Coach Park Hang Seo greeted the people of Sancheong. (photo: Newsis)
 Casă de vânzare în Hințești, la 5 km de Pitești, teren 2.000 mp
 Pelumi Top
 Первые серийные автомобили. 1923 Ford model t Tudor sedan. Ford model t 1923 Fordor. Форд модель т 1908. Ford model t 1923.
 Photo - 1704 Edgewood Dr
++++++
All lines from the one with "Casă de vânzare" to the end of the listing are to be printed exactly as given, both ends included.

 Casă de vânzare în Hințești, la 5 km de Pitești, teren 2.000 mp
 Pelumi Top
 Первые серийные автомобили. 1923 Ford model t Tudor sedan. Ford model t 1923 Fordor. Форд модель т 1908. Ford model t 1923.
 Photo - 1704 Edgewood Dr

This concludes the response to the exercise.